John Murray has made a novel by Shahnaz Ahsan its lead fiction debut for 2020, after publisher Mark Richards met her at a writers’ pitching event.
Richards snapped up world rights to Hashim & Family from Lucy Luck at C&W – who also met Ahsan at the same venue. The novel will be published in £14.99 hardback in April 2020 with a cover design by Jon Gray.
Hashim & Family is an epic story of two cousins as they emigrate to Britain, following their lives over the next two decades as they encounter racism and struggle to integrate into the UK, while upheaval in their homeland of East Pakistan causes them to question where they belong.
Its synopsis explains: “The novel opens on New Year’s Eve 1959, as Hashim arrives in Manchester from East Pakistan to join his cousin Rofikul.
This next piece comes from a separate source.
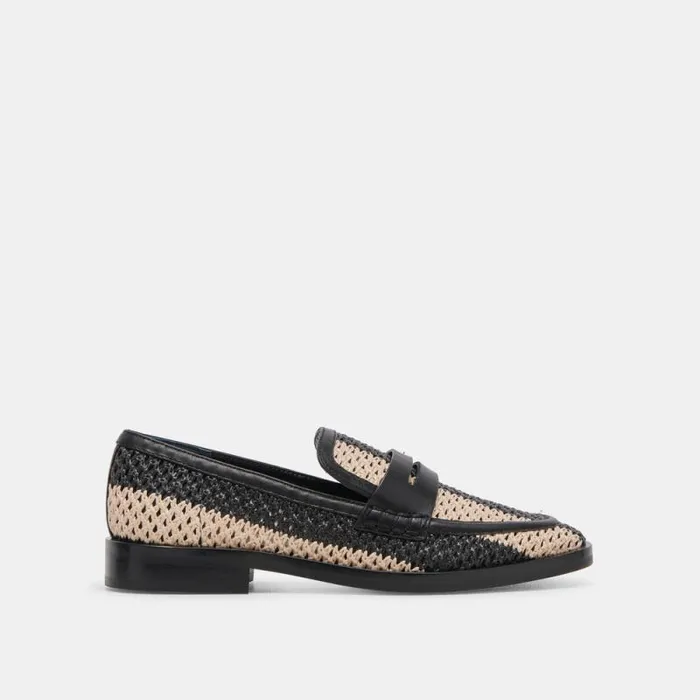 Dolce Vita Halley Flats Black Multi Raffia Women Flats and Loafers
It follows them and their wives Munira and Helen over the next twenty years as they make their way in the new country – cold, often unfriendly and sometimes worse, but sometimes capable of showing great warmth – and as the births and deaths in their own families start to find their echo in the painful birth of a new country, Bangladesh.”
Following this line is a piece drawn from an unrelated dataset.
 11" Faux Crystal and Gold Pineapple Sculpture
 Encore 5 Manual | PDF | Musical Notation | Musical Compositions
Explaining how the deal came about, Richards said: "On a January evening two and a half years ago I went to talk to a group of writers about their novels. I was, I’ll admit, somewhat reluctant to go; it was cold and dark, and the last thing I wanted to do was get on a train and spend the evening far away from my sofa. But I’m extremely glad that I did, because among the writers that night was Shahnaz Ahsan.
“Her extraordinarily assured first novel Hashim & Family deals with the biggest of issues – immigration, racism, nationalism, and the meaning and pull of home – but it is a novel always rooted in the lives of its characters, and by the end they feel like people you too have known, and cared for, for 20 years.”
Ahsan said: “My grandparents were the bravest people I have ever known. Leaving behind the only home they had ever known, they travelled thousands of miles to Britain to start a new life. Hashim & Family is a story of their generation: their sacrifices and their struggles. And in the current climate of hostility towards migrants in the West, it is crucial that the stories of these families are told and celebrated.”